▸ **Exercise**
Copy each line of the entries that contains the word "Neck".

▸ **Materials provided**

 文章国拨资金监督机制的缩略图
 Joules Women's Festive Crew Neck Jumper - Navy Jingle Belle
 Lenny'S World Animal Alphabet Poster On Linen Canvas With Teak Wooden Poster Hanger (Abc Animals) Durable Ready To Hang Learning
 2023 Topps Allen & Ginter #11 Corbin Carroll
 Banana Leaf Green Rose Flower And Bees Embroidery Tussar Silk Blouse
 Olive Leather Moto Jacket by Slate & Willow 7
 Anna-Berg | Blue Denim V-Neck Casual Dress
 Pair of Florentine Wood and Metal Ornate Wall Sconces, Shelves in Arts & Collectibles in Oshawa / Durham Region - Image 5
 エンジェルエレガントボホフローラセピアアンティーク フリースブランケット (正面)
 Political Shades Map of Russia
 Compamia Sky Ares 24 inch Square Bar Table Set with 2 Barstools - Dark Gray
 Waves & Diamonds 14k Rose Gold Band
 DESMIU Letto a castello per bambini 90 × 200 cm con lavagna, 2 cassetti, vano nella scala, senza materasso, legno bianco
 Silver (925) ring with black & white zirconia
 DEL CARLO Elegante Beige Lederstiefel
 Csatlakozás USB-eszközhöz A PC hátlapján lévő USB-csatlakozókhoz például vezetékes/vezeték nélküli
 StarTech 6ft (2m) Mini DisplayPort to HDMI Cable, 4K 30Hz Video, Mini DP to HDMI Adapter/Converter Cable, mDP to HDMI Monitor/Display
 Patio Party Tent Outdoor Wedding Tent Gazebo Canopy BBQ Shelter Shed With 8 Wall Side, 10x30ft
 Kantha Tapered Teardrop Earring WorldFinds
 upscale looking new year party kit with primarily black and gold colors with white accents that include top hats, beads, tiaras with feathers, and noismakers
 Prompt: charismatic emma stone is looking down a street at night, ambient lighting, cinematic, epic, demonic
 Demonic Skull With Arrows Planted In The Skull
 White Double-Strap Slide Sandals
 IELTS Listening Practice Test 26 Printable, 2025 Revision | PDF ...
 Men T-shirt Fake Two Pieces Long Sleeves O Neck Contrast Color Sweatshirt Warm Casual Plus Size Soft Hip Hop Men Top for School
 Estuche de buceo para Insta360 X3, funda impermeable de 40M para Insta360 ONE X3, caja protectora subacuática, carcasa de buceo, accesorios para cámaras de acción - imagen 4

▸ **Result of this task**
 Joules Women's Festive Crew Neck Jumper - Navy Jingle Belle
 Anna-Berg | Blue Denim V-Neck Casual Dress
 Men T-shirt Fake Two Pieces Long Sleeves O Neck Contrast Color Sweatshirt Warm Casual Plus Size Soft Hip Hop Men Top for School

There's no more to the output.